**BRIEF**
From the first line to the last, transcribe the data exactly and skip the pictures.

─── DATA BLOCK ───

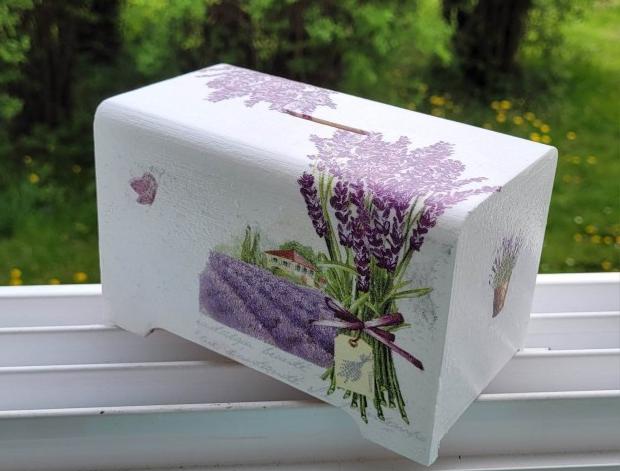 kasička-levandulová dřevo děti krabička decoupage pokladnička kasička grunterka peníze 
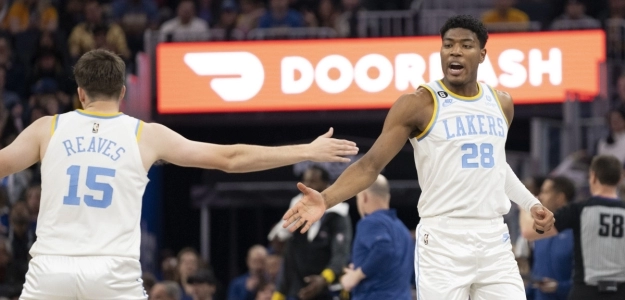 Austin Reaves y Rui Hachimura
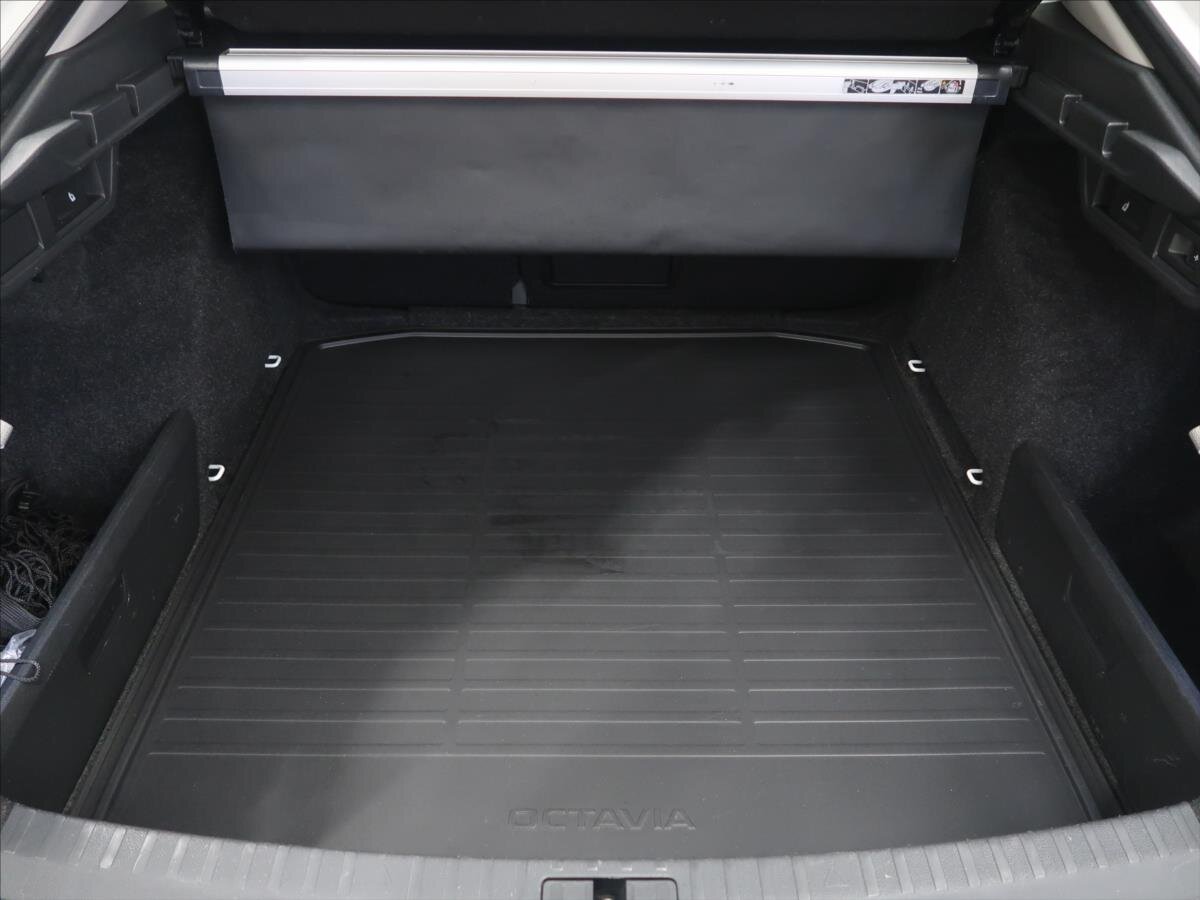 Škoda Octavia Sedan / Limuzína 1,5 l 110 kw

───

**RESPONSE BELOW**
 kasička-levandulová dřevo děti krabička decoupage pokladnička kasička grunterka peníze 
 Austin Reaves y Rui Hachimura
 Škoda Octavia Sedan / Limuzína 1,5 l 110 kw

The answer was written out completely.